Deriving ODE for voltage across capacitor-RC circuit I need to derive an ODE for the voltage across the capacitor in a specific RC circuit. The circuit has 1 resistor, one input, one capacitor and a switch.
So far I have 
$$\frac{dv}{dt} =\frac1CI(t),$$
how can I incorporate the switch into this if it is closed between $t=0$ and $t=2$?
 A: If the switch is open, then no current can pass through the circuit.

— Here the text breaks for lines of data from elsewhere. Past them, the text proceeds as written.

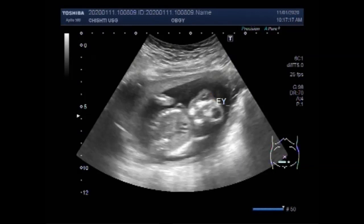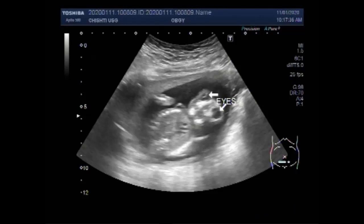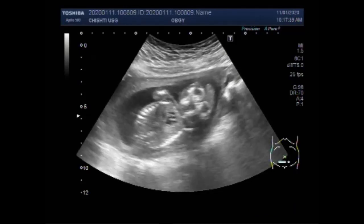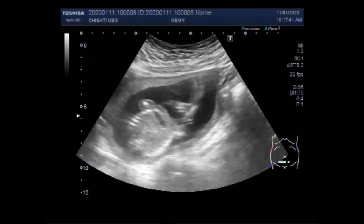These are both eyes. Anencephaly is a lethal congenital anomaly that can be detected on ultrasound as early as 11 weeks of gestation. If some amount of neural tissue is present, the condition is termed exencephaly.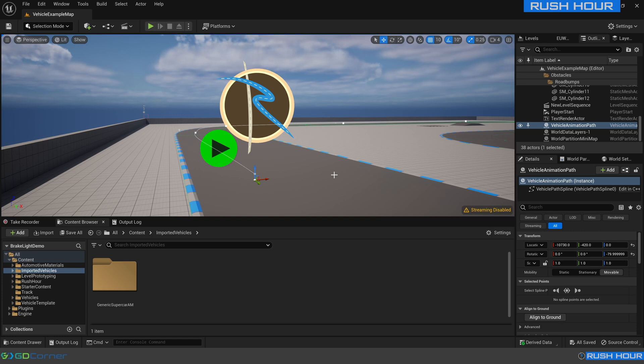Hello, today I'm going to show you how to use custom light materials to work with the new brake light recording system within Rush Hour.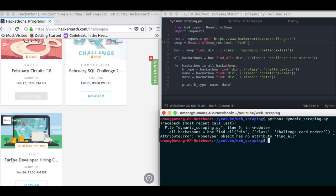And hence all the data is loaded first and then it is scraped. So this is dynamic scraping. That is loading the website first plus normal web scraping. It's as simple as that. So without wasting any time, let's get started.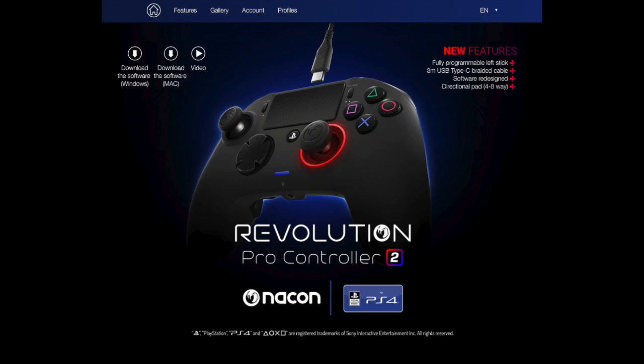First we're going to head on over to nacongaming.com/revolution-pro-controller-2. This is where we can download the software to your PC or Mac to program your controller. Once you do that you'll come to a page where you can download it for PC or Mac. Go ahead and click Windows or Mac for whichever system you have, download it, install it, and I'll meet you when you're running.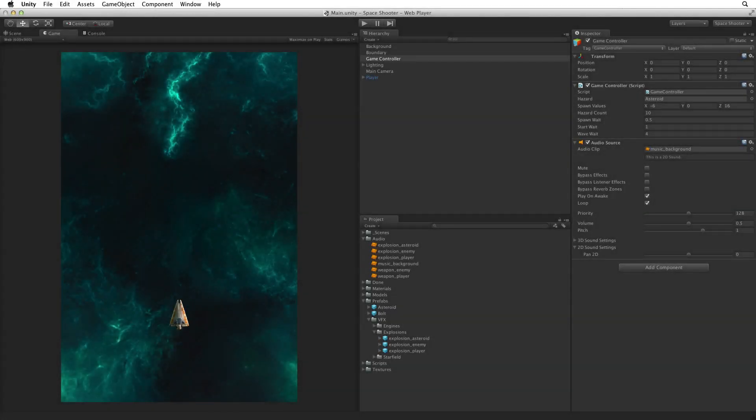Now that we can destroy our hazards we should reward our player with points. Let's count and display a score where every asteroid hazard destroyed gives our player 10 points.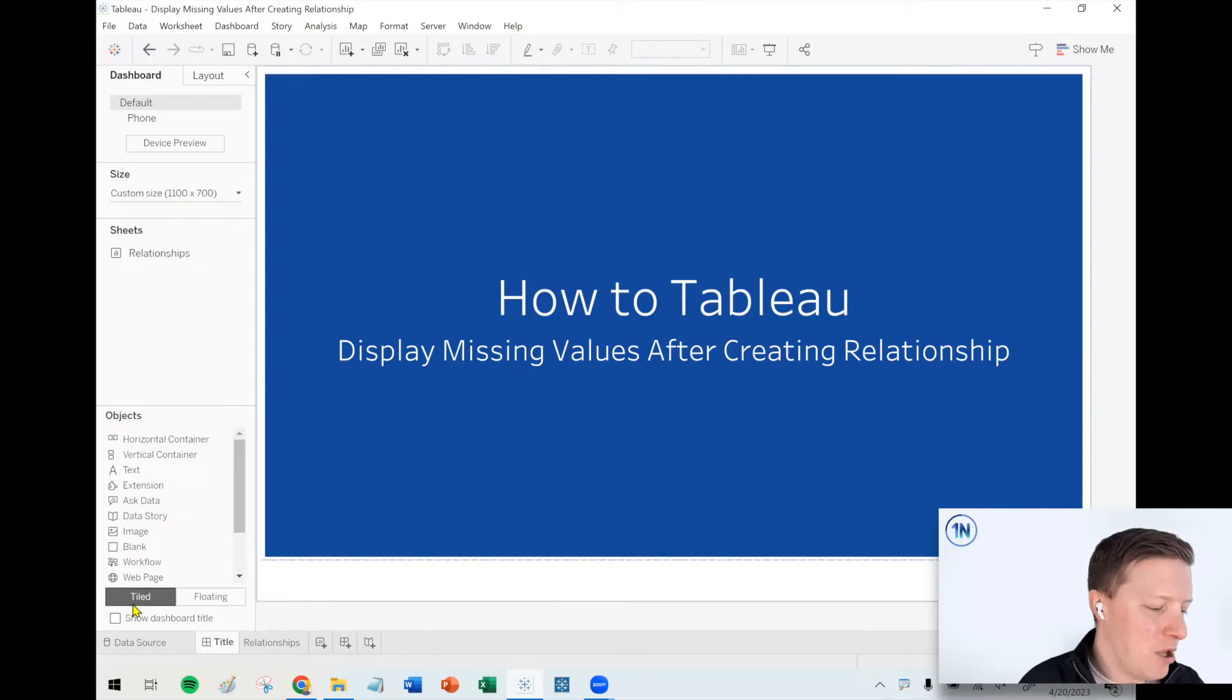Hello, my friends. This is Eric Parker with OneNumber, Tableau Experts. In this week's quick video, I want to cover how to display values which seem to be missing after creating a relationship in Tableau.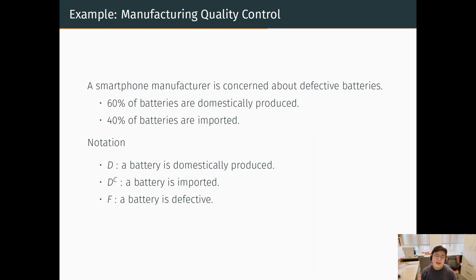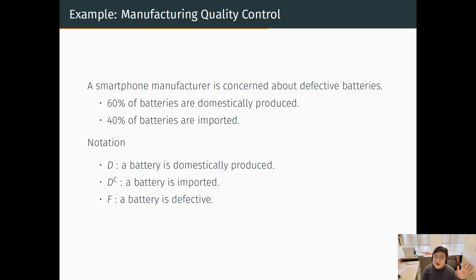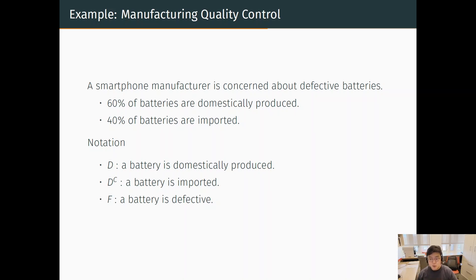So here is the story. Suppose that you are the CEO of an automaker — an electric car maker — and you are concerned about defective batteries. These days there is news about fires in electric car batteries. Suppose that 60% of batteries are domestically produced and 40% of batteries are imported. We are going to use this notation: D means the battery is domestically produced, D-complement is an imported battery, and F means a battery is defective.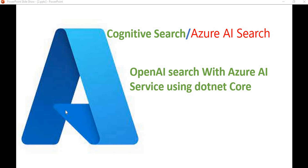Hello everyone, welcome back to the DotNet Office. In this video we are going to see how we can perform OpenAI search on the Cognitive Search with the .NET code. In the previous video we did the setup of OpenAI and saw how we can do the deployment model. Before proceeding, I recommend watching the previous part of this tutorial series so you can understand how this operation works.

Your ODE should then take the form
$$
\frac{di}{dt}=0\tag{1}
$$
When the switch closes, then current can pass through, leading to
$$
R\frac{di}{dt}+\frac{i}{C}=0\tag{2}
$$
When the switch opens again, we revert the ODE back to Equation (1).
Thus, the time range $0\leq t\leq2$ gives you range for which Equation (2) is valid & does not need to be incorporated into the ODE.
A: Model the current through the resistor as 
$$ i(t) = v(t)/R, $$
the current through the capacitor as you have above, that is
$$ i(t) = C \dfrac{dv}{dt}, $$
and the turning on/off of the switch can be modelled using the Heaviside function which would pre-multiply the above expressions.  The current has to be continuous throughout so we can equate the two expressions to obtain an equation for the voltage evolution.
$$ \dfrac{dv}{dt} = H(t-2)\dfrac{v(t)}{RC} $$
A: You can substitute the switch with a resistor $R_2$, that has a value of either $0$ or $\infty$.